The judge then outlines the facts in the case. I have edited the details he
quite correctly includes in the opinion, as most of them are not relevant to
the issue this post examines:
Debtor is a business owner with
extensive trucking industry experience. Debtor started in the trucking business
around age eight by sweeping floors and completing other low-level tasks, but
moved up the hierarchy, first to mechanic, then driver, and finally business
owner.
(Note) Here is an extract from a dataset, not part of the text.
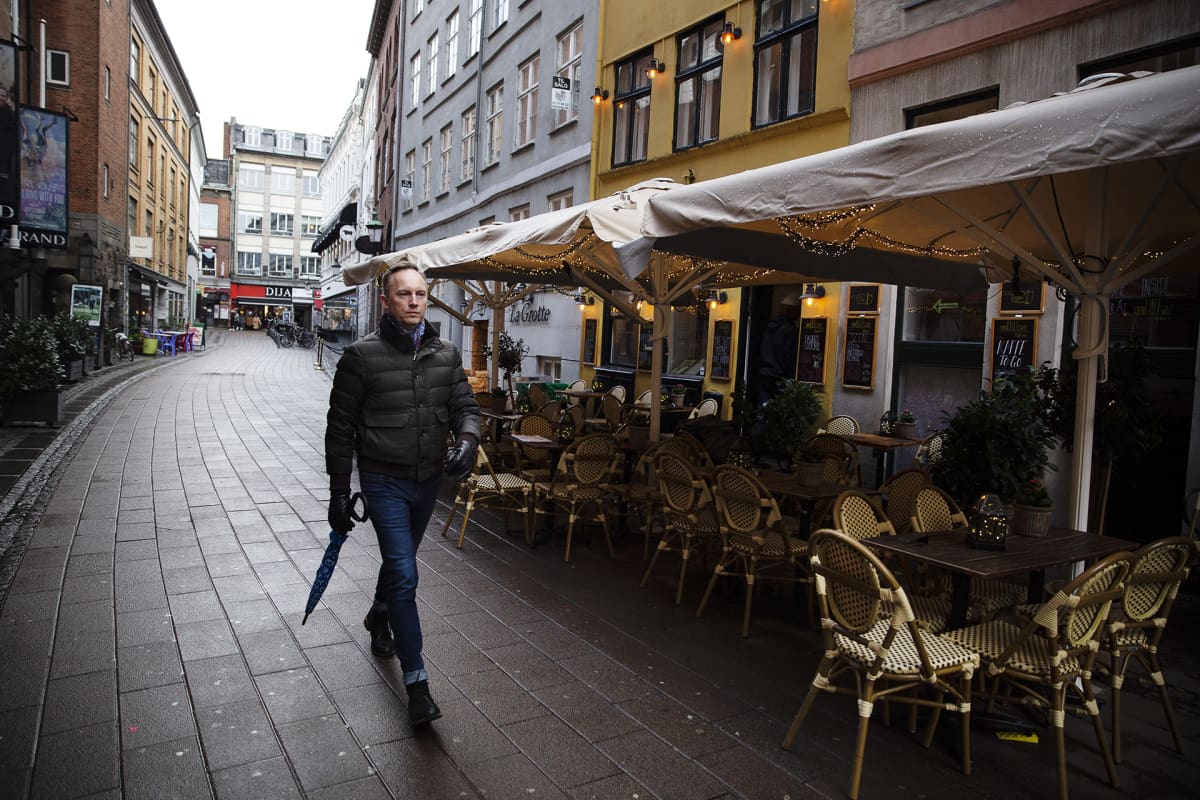 Mies kävelee tyhjällä kadulla.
Even after becoming the owner, Debtor nevertheless focused on driving
trucks and trailers, leaving the daily management of his businesses to others.
While Debtor's businesses were successful for a time, the combination of an
expensive divorce, rising gasoline prices, and the `Great Recession’ of 2008
pushed Debtor into bankruptcy.
On August 9, 2011, Debtor filed his
bankruptcy petition under Chapter 7 of the United States Bankruptcy Code. . . .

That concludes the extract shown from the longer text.